Every Shipwright artifact should be:
- Structured - predictable sections in a fixed order
- Decisive - explicit recommendation and trade-off, not just analysis
- Grounded - claims tied to specific evidence or marked as unknown
- Actionable - every next step has owner + date
- Auditable - clear pass/fail criteria via
evals/pass-fail.md
For core artifacts (PRD, Strategy, Design Review, A/B Analysis), follow this section order:
## Context## Analysis## Decision Frame## Risks and Open Questions## Action Plan
Each section can contain artifact-specific sub-sections, but this top-level structure should remain stable.
Every skill (skills/**/SKILL.md) must include these sections in order:
- Frontmatter, name, description, category,
default_depth: standard - Description, what the skill does
- When to Use, specific trigger scenarios
- Depth, Light / Standard / Deep scope table with omit rules
- Framework, core teaching material with steps and templates
- Minimum Evidence Bar, required inputs, acceptable evidence, insufficient-evidence declaration with fallback behavior, hypothesis vs. finding distinctions
- Output Format, numbered artifact list + Shipwright Signature closing
- Common Mistakes to Avoid, anti-patterns
- Weak vs. Strong Output, one micro-example showing bad vs. good output
The Depth section governs proportionality: not every problem needs every section. The Minimum Evidence Bar governs rigor: outputs must declare what counts as evidence and when evidence is insufficient, and must specify a deterministic fallback: either produce a partial artifact with unanswered fields marked [TBD, requires: specific evidence], or stop and recommend a prerequisite skill. The Weak vs. Strong Output section reduces ambiguity by showing concrete examples.
Every core artifact must include this block verbatim:
## Decision Frame
- **Recommendation:** [one clear decision]
- **Trade-off:** [what we gain vs. what we give up]
- **Confidence:** [High / Medium / Low] - [why]
- **Owner:** [role or name]
- **Decision Date:** [YYYY-MM-DD]
- **Revisit Trigger:** [specific condition that would change this decision]If any line is missing, the artifact is not ship-ready.
Every skill output must close with four signature elements, numbered as a continuation of the skill's Output Format list:
- Decision Frame, Recommendation (or primary finding for discovery skills), trade-off, confidence with evidence quality, owner, decision date, revisit trigger
- Unknowns & Evidence Gaps, What we don't know and what evidence would resolve it
- Pass/Fail Readiness, Binary conditions for artifact completeness (skill-specific)
- Recommended Next Artifact, Which Shipwright skill to run next and why
The four elements are structurally invariant, every output includes all four. But the wording must not feel copy-pasted across skills. Vary phrasing, specificity, and emphasis to match the skill's domain. The structure is the signature; formulaic language undermines it.

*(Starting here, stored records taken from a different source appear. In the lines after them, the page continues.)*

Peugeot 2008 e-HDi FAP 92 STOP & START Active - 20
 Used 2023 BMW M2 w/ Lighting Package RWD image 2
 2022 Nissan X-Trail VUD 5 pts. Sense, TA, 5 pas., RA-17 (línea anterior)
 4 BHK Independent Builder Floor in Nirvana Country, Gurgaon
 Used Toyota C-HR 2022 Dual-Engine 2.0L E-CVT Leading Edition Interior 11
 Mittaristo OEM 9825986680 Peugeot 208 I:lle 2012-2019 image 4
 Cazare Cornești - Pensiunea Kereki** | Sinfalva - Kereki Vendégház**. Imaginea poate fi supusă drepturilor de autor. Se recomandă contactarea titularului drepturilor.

Pass/Fail Readiness conditions must account for the Depth setting. If a skill's Light depth explicitly permits fewer sections or lighter criteria (e.g., 2 acceptance criteria instead of 3), the Pass/Fail gate must not fail a Light-mode output for meeting Light-mode rules. Write gates as: "PASS if [standard criteria]; at Light depth, PASS if [lighter criteria]."
Skills in discovery and customer-intelligence categories frame implications and options but do not prescribe product actions. Their Decision Frame states a primary finding or framed options, not a directive. Downstream recommendation belongs to strategy, execution, planning, and gtm skills.
Skills in all other categories may recommend specific actions.
This boundary is repo-wide. Individual skills should not override it.
- Use direct language: prefer "We will" over "We should consider"
- Use asymmetric conclusions: avoid false balance
- Use numeric specificity where possible: baselines, targets, dates
- Mark unknowns explicitly: "No data available" is better than invented certainty
- Keep sections concise: avoid long narrative without decisions
- Every material claim must be either:
- Evidenced (data source, metric, transcript, ticket volume), or
- Assumption (explicitly marked as such)
- Do not blend assumptions and facts in the same sentence.
- Avoid template filler that could apply to any product.
The following patterns indicate non-signature output:
- Generic section names with no decision framing
- Perfectly symmetrical frameworks (e.g., 4 SWOT items per quadrant by default)
- Recommendations without owner/date
- Metrics without baseline/target/timeframe
- "Balanced" conclusions that avoid commitment
Use evals/pass-fail.md for binary gating and evals/*.md for scoring depth.
- Pass/fail first to block weak artifacts
- Rubric score second to improve strong artifacts
A high-scoring artifact without signature structure is still non-compliant.